Originally described by Liebow⁴ in 1972 in the lungs, it primarily affects adults in the fourth to sixth decades of life, and has a male predominance of 2:1. Unlike other LPD, many patients with LyG have no clearly defined underlying immunodeficiency. In a large multicenter case series of cutaneous posttransplant LPD (PTLD), only one case of LyG was found.⁵

LyG is linked to EBV infection. LyG patients have serologic evidence of past EBV exposure and low viral loads by PCR analysis (∼18 copies/10⁶ genome equivalents). On the contrary, patients with PTLD usually show high EBV viremias. The typical latency pattern of EBV infection in LyG is type III.^6,7 EBV-infected B cells may avoid immune surveillance due to dysfunctional T-cell or NK-cell responses.² Patients with an underlying acquired or inherited immunodeficiency syndrome may be diagnosed with LyG (e.g., Wiskott–Aldrich syndrome, X-linked lymphoproliferative syndrome, HIV/AIDS, solid organ transplant) under the current WHO classification.
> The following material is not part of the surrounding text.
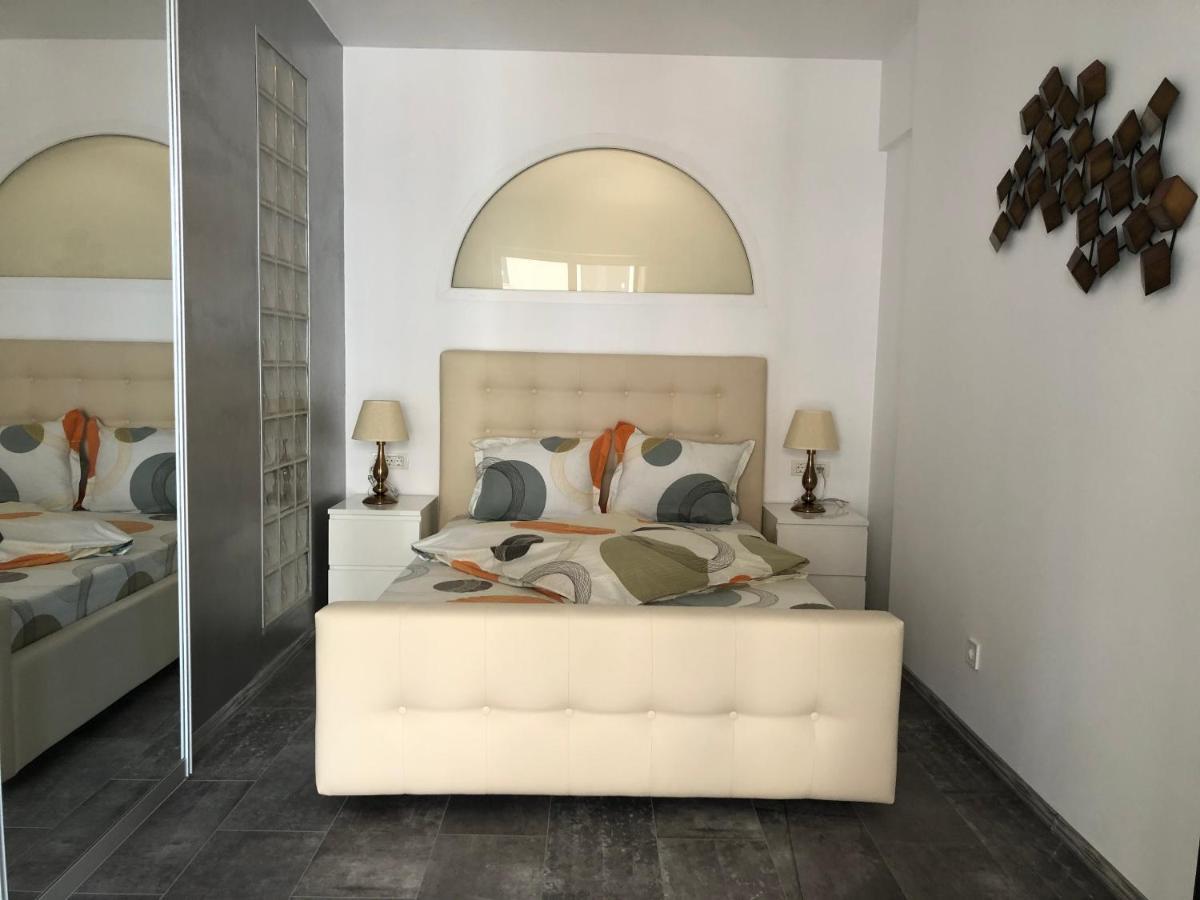 Luxury Westpark 2 View W6 Apartment Bucharest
Electron microscopy reveals features of endothelial necrosis and regeneration.⁸ The angiocentric and angiodestructive infiltrate is characterized by numerous T-helper memory cells.⁹ EBV-induced chemokines, such as IP-10 and Mig, have been implicated in mediating the vascular damage in pulmonary LyG and most likely the skin.^10,11

Most patients present with respiratory symptoms, and usually show multiple, bilateral lung infiltrates or nodules.¹² The lungs are virtually always involved.¹ Skin involvement is present in approximately 40% to 50% of cases.^{12,13,14,15,16} Other organs such as kidneys, CNS, and GI tract are less commonly affected. The lymph nodes¹⁷ and bone marrow are usually spared. Cutaneous lesions of LyG have been seen in association with Wiskott–Aldrich syndrome, myeloproliferative disorders, and in posttransplant settings.^18,19,21 A history of lymphoma, leukemia, biliary cirrhosis, chronic hepatitis, and others can be seen in some patients.^1,22 Constitutional symptoms, including fever, weight loss, fatigue, and/or night sweats, are common complaints (80% of cases).^11,23 The clinical lesions can precede, coincide, or follow the pulmonary disease with the latter two scenarios being the most typical.
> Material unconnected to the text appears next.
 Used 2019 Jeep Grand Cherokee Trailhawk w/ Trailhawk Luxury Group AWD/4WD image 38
The cutaneous lesions of LyG are typically dermal or subcutaneous nodules. A third of these cases show ulceration.²⁴ Plaques (Fig. 29-1) or lichen sclerosus-like presentations had been reported in 15% and 10% of the cases, respectively.¹¹ More uncommon clinical presentations include alopecia,¹¹ necrobiosis lipoidica-like,²⁵ facial edema, papules, folliculitis-like lesions,²⁶ annular lesions,²⁷ angioedema,²⁸ and eschar-like violaceous nodules.²⁹ Rarely, the disease can present in children.^20,30 Cases secondary to azathioprine, imatinib, and methotrexate therapy have been described.^31,32,33,34 A rare isolated cutaneous form with indolent clinical course had been also reported following heart–lung transplantation.²¹ An unusual EBV-cutaneous LyG in a patient with coexistent EBV+ lung LyG had been also seen.³⁵

The clinical course of LyG is variable, ranging from spontaneous regression^36,37 to progression to EBV+ diffuse large B-cell lymphoma (DLBCL). Overall, the survival rate for LyG is poor with an average of 2 years of survival following the initial diagnosis.^1,2,13 Death typically results from progressive pulmonary insufficiency.¹¹

Cutaneous LyG is histologically characterized by a lymphocytic or lymphohistiocytic infiltrate, with or without multinucleated giant cells. The infiltrates have a periadnexal and/or perivascular–angiocentric distribution. The subcutaneous tissue shows a lymphohistiocytic panniculitis, often with poorly formed granulomas. Sarcoidal or necrotizing granulomas are not present.¹¹ Occasional mild reactive lymphocyte exocytosis can be seen in the epidermis, but without the histologic atypia associated with mycosis fungoides. The dermal infiltrate often has a superficial and deep distribution. Angiodestruction, necrosis, and atypical lymphoid cells surrounding the vessels are seen (Fig. 29-2). Occasional large atypical cells with nuclear hyperchromasia, pleomorphism, and prominent nucleoli, reminiscent to Hodgkin-like cells are seen. The histologic grading is based on the number of large atypical cells. In low-grade lesions they are few and scattered, while in the high-grade lesions they form aggregates or sheets. Angiodestruction is not typical in papular lesions, but is often seen in nodules.¹¹ Admixed plasma cells, histiocytes, and occasional eosinophils can be seen. LyG in extracutaneous sites shows similar angiocentric, atypical lymphohistiocytic infiltrates. Infarcts in the lungs are common^1,22 (Figs. 29-3 and 29-4).